Even though Spring has finally made its presence known with sunny heat waves and 80+ temps driving eager gardeners to ravage the local nurseries in anticipation of summer, Mother Nature has pulled the rug out from under our feet with highs in the 50s and rain, rain, rain. Strangely I’m pretty happy cuz
there’s a reason why I chose to live some place where it rains 9 months out of the year it’s still warm enough to be puttering about outside and there’s nothing like a hot, hearty soupy stew to warm up my chilled bones. This is another delicious cold weather dish from Hokkaido, the northernmost island of Japan, but this time highlighting the town of Ishikari (a suburb of Sapporo). The Ishikari River is the largest in Hokkaido, draining into the Sea of Japan, and before you fall asleep from this little geographical side trip it’s the reason why Ishikari is known for its yummy salmon and herring. Originally, this type of 鍋物 nabemono (stew cooked in a 土鍋 donabe clay hotpot) was called salmon hotpot but since it originated from Ishikari, when it was brought over to Tokyo, the geographical name stuck. Since Hokkaido is known for its fertile agricultural areas as well as its colder weather, dairy products like milk or butter will often make an appearance in the local cuisine. I find that the flavorful miso-dashi broth really imparts a lot of flavor to the hearty potatoes and rich salmon while the onions add a wonderful sweetness to the broth.

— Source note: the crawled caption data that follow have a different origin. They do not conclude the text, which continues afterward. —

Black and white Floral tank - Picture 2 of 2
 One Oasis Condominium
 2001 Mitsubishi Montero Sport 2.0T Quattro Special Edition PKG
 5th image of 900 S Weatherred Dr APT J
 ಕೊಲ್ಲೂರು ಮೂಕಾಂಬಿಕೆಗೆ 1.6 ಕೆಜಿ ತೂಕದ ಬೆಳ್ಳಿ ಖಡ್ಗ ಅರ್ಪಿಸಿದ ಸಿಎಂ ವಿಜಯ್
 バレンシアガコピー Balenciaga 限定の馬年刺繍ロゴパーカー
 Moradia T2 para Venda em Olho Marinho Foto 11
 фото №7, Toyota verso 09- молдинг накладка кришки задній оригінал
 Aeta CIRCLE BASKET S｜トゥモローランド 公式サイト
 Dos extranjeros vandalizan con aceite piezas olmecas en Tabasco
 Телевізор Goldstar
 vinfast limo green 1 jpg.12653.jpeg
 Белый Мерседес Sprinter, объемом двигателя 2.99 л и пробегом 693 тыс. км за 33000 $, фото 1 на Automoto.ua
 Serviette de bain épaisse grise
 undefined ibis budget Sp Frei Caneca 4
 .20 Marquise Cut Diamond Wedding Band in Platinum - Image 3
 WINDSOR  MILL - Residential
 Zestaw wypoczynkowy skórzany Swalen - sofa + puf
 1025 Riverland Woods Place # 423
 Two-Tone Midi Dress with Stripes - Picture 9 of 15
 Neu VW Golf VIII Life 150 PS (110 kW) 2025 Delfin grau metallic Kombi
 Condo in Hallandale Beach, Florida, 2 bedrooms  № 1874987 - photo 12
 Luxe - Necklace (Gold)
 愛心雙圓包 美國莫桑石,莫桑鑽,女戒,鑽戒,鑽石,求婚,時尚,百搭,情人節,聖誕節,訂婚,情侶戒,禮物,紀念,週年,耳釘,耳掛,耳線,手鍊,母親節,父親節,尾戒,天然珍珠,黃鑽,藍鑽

You’ll often find noodles or rice with nabemono usually to be eaten as part of the end of the meal also known as 締め shime. As the nabe continues to cook down, the broth becomes concentrated as well as picking up all those yummy flavors from your succulent ingredients so in order to take advantage of those scrumptious dregs, it’s common to eat the shime with steamed rice or noodles like udon or 春雨 harusame (dried potato starch noodles) or 白滝 shirataki (almost calorie-free chewy noodles made from 蒟蒻 konnyaku also called devil’s tongue). You can also use the shime to add extra oomph to your お粥 okayu or 雑炊 zosui.
Tricks of the trade:
1) Since we’re simmering potatoes in yummy dashi and onion flavored broth, beveling the sharp edges, also known as 面取り mentori helps to keep them from crumbling as they bump around and absorb that yummy broth while turning oh so tender. I find that it’s faster with small slippery cubes of potato to bevel them with my trusty ceramic vegetable peeler but you can also do it with your knife as well.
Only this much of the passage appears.